Spring Cloud Gateway

在之前的实践有提及spring cloud gateway的限流，现在来看看其实现。(版本2.1.1)

其代码在spring-cloud-gateway-core下的 org.springframework.cloud.gateway.filter.ratelimit 包中。

查看 RedisRateLimiter 类的 isAllowed 方法。

public Mono<Response> isAllowed(String routeId, String id) {
   	// 检查组件是否初始化成功
	if (!this.initialized.get()) {
		throw new IllegalStateException("RedisRateLimiter is not initialized");
	}

	Config routeConfig = loadConfiguration(routeId);

       // 允许用户每秒处理多少个请求;令牌桶的填充速率。
	int replenishRate = routeConfig.getReplenishRate();

       // 令牌桶的容量，允许在一秒钟内的最大请求数
	int burstCapacity = routeConfig.getBurstCapacity();

	try {
       	// 获取redis keys, 包括一个tokenKey和一个timestampKey
		List<String> keys = getKeys(id);

		// The arguments to the LUA script. time() returns unixtime in seconds.
           // 生成用于执行LUA脚本的参数
           // 1. replenishRate, 2. burstCapacity
           // 3. 当前时间戳, 4. 请求数 这里恒为1
		List<String> scriptArgs = Arrays.asList(replenishRate + "",
				burstCapacity + "", Instant.now().getEpochSecond() + "", "1");
           // Lua脚本返回参数：允许的请求数，剩下的令牌数
		Flux<List<Long>> flux = this.redisTemplate.execute(this.script, keys,
				scriptArgs);
                   
           // 失败处理，进行记录，将结果写入Header回应
           
		return flux.onErrorResume(throwable -> Flux.just(Arrays.asList(1L, -1L)))
				.reduce(new ArrayList<Long>(), (longs, l) -> {
					longs.addAll(l);
					return longs;
				}).map(results -> {
					boolean allowed = results.get(0) == 1L;
					Long tokensLeft = results.get(1);

					Response response = new Response(allowed,
							getHeaders(routeConfig, tokensLeft));

					if (log.isDebugEnabled()) {
						log.debug("response: " + response);
					}
					return response;
				});
	}
	catch (Exception e) {
		log.error("Error determining if user allowed from redis", e);
	}
	return Mono.just(new Response(true, getHeaders(routeConfig, -1L)));
}

来查看lua脚本，位于同一项目下resources/META-INF/scripts下。

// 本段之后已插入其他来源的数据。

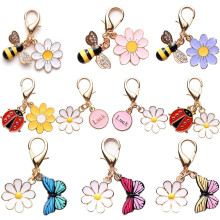 Handcrafted Hug Favors – 20 Sets with Pun Cards & Butterfly/Ladybird/Flower/Bee Charms, DIY Pocket Hug Cards for Emotional Support Gifts (Compatible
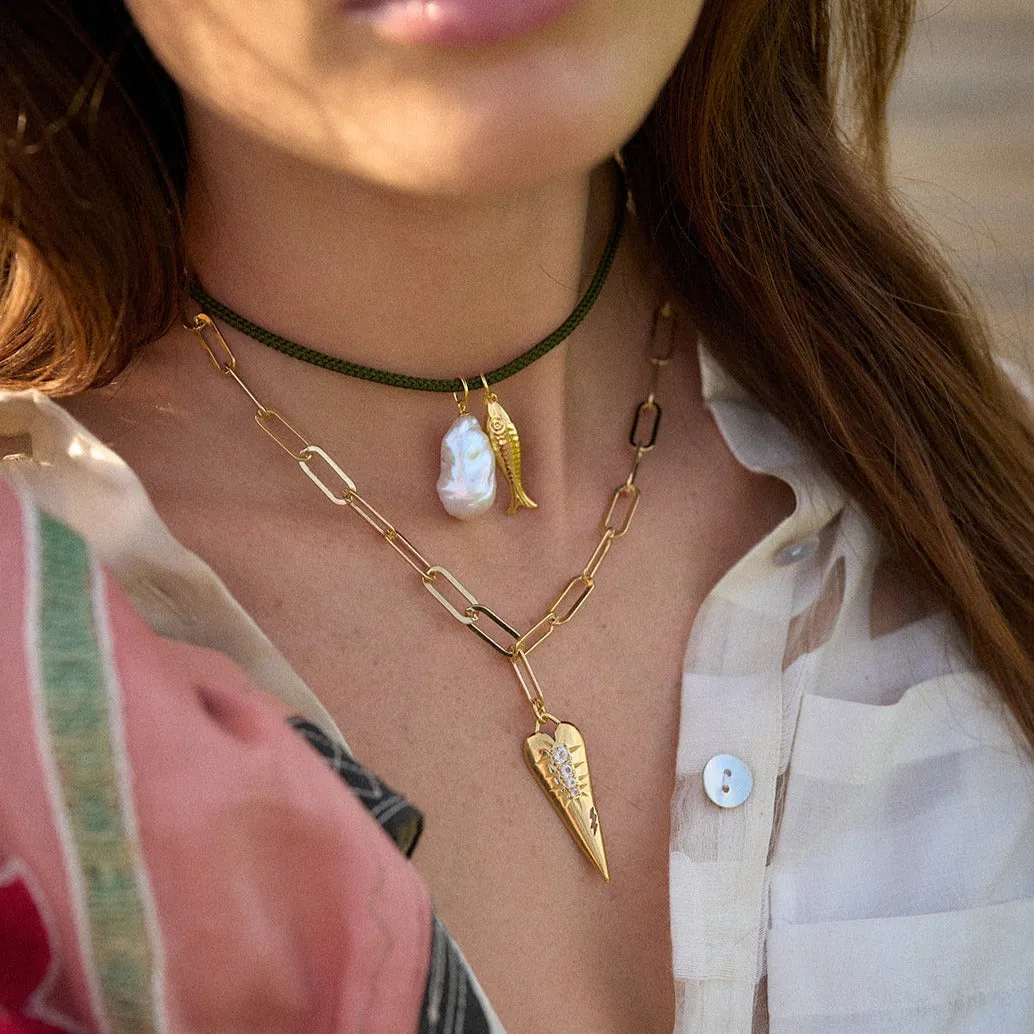 Olive Cord with Baroque Pearl sold by HART product image thumbnail 3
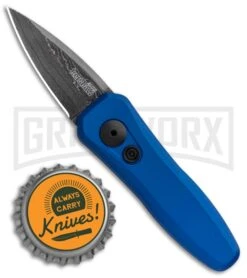 Kershaw Launch 4 Damascus Automatic Knife Blue CA Legal - Plain 14 Kershaw Launch 4 Damascus Automatic Knife Blue CA Legal - Plain -Kershaw Store Kershaw Launch 4 CA Legal Auto Blue Damascus 7500BLUDAM BHQ 91856 jr bottlecap large
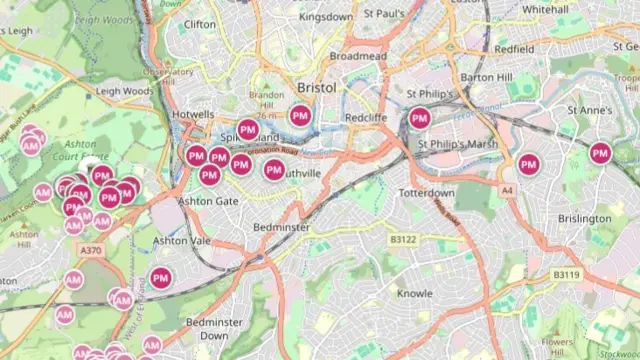 A screengrab of the balloon flight tracker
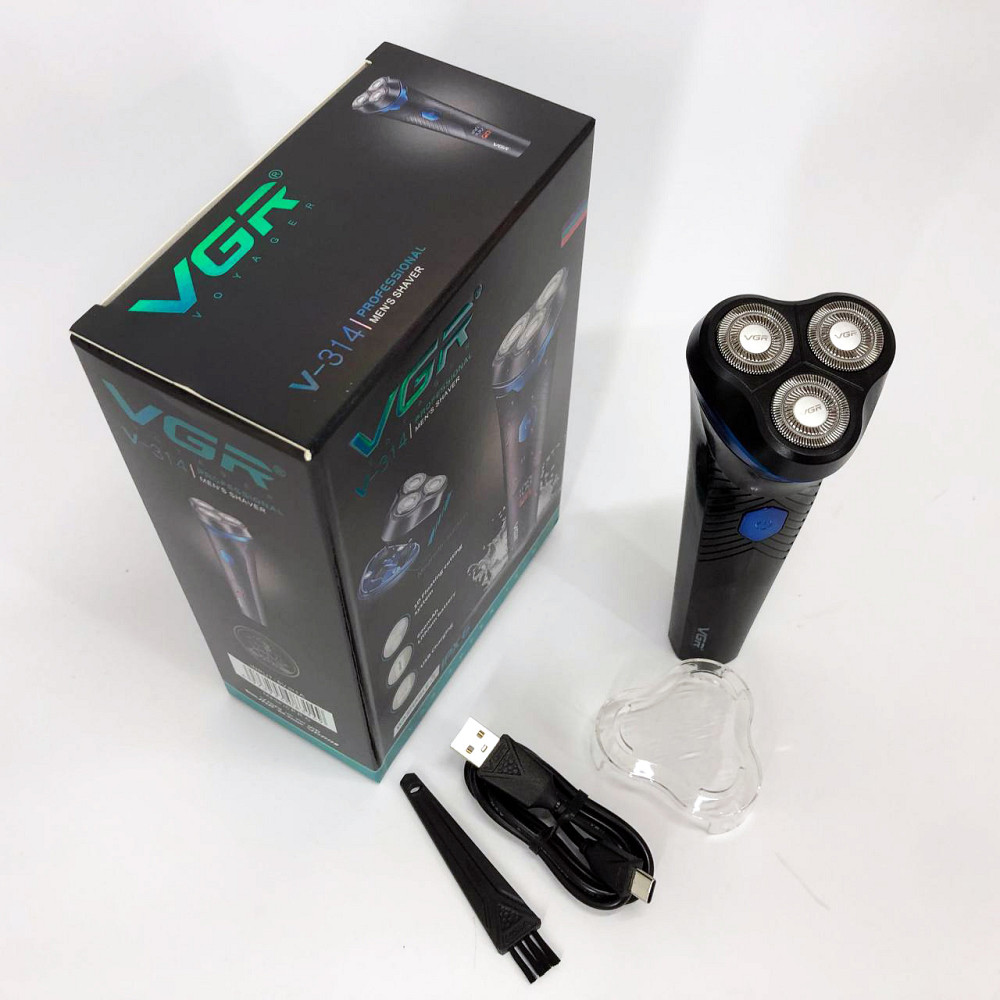 Електронна бритва для бороди VGR V-314, Хороші електричні бритви для гоління, Хороша бритва портативна AE-82 Львів - фото 14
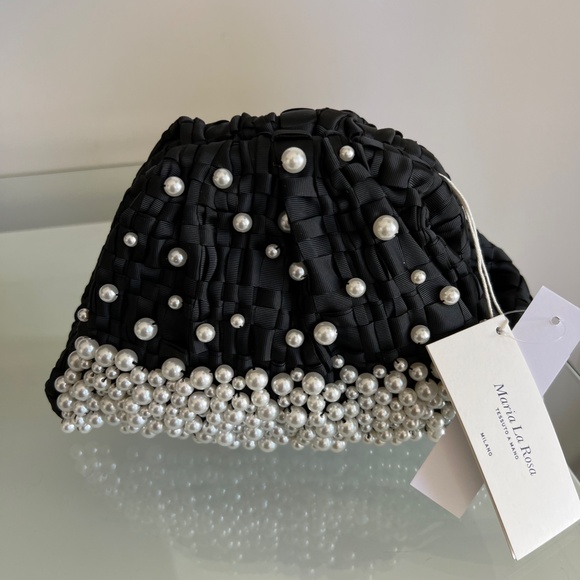 MARIA LA ROSA Milano Pearl Mini Game Bag - Picture 7 of 11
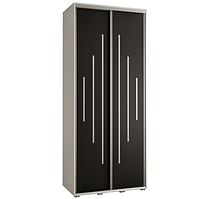 Schrank 45 Canaris 12 110 weiß/schwarz/silver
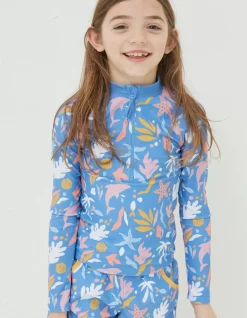 Girls FatFace View All|Sea Scape Rash Vest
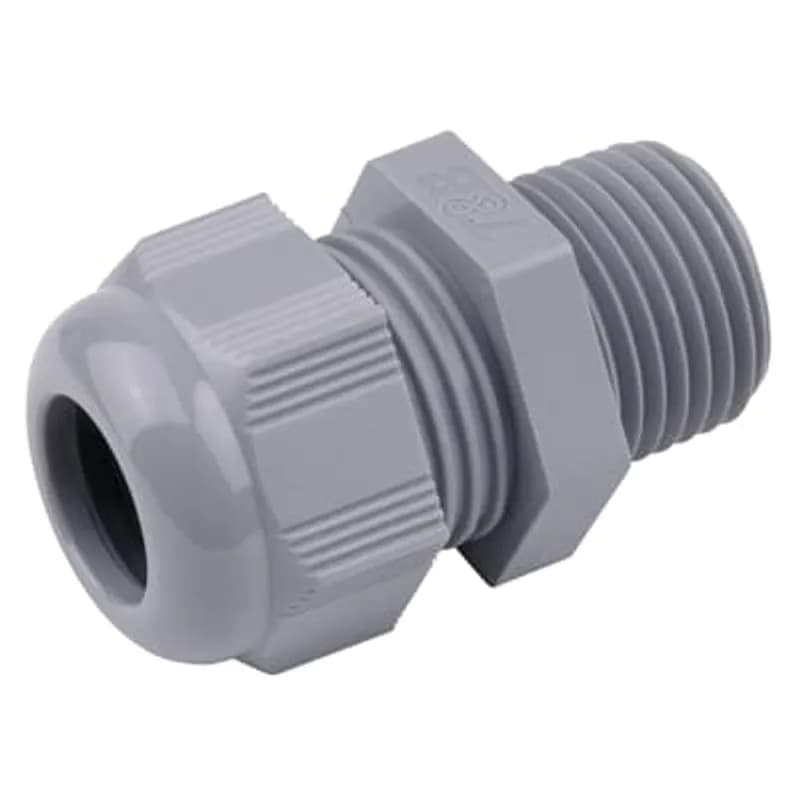 ABB - Installation Products CC-NPT12S2-B - Cable Gland with NPT Threads, NPT Thread Size 1/2 Inch, Low Profile, Cord Range 0.236 Inch/6mm to 0.473 Inch/12mm, Nylon, Black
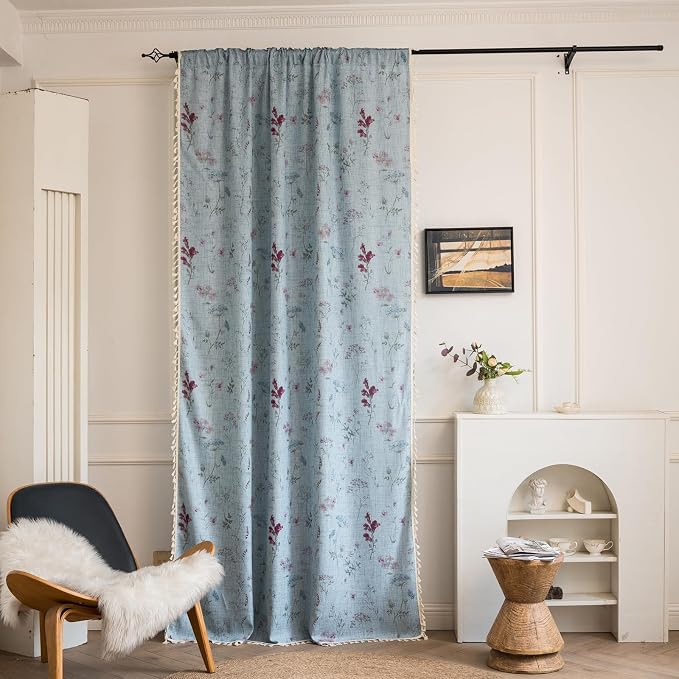 ENJOYBRIDAL Floral 96 Inch Curtains - Image 4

关键字为 1.tokenKey 和 2.timestampKey

脚本入参依次为：1. replenishRate（令牌填充速率） 2. burstCapacity（最大请求数） 3. 当前时间戳, 4. 请求数这里恒为1

local tokens_key = KEYS[1]
local timestamp_key = KEYS[2]

local rate = tonumber(ARGV[1])
local capacity = tonumber(ARGV[2])
local now = tonumber(ARGV[3])
local requested = tonumber(ARGV[4])

-- 每次填充时间
local fill_time = capacity/rate
-- 存活时间
local ttl = math.floor(fill_time*2)

-- 从redis获取剩余令牌数
local last_tokens = tonumber(redis.call("get", tokens_key))
-- 不存在则进行初始化
if last_tokens == nil then
  last_tokens = capacity
end

-- 从redis获取上次刷新时间
local last_refreshed = tonumber(redis.call("get", timestamp_key))
if last_refreshed == nil then
  last_refreshed = 0
end

-- 上次刷新至今经过的时间
local delta = math.max(0, now-last_refreshed)
-- 填充token后token数量
local filled_tokens = math.min(capacity, last_tokens+(delta*rate))
-- 判断是否能够允许
local allowed = filled_tokens >= requested
local new_tokens = filled_tokens
local allowed_num = 0

-- 如果可行，则减去请求数
if allowed then
  new_tokens = filled_tokens - requested
  allowed_num = 1
end

-- 结果写入redis
redis.call("setex", tokens_key, ttl, new_tokens)
redis.call("setex", timestamp_key, ttl, now)

-- 返回允许数量，剩余token数量
return { allowed_num, new_tokens }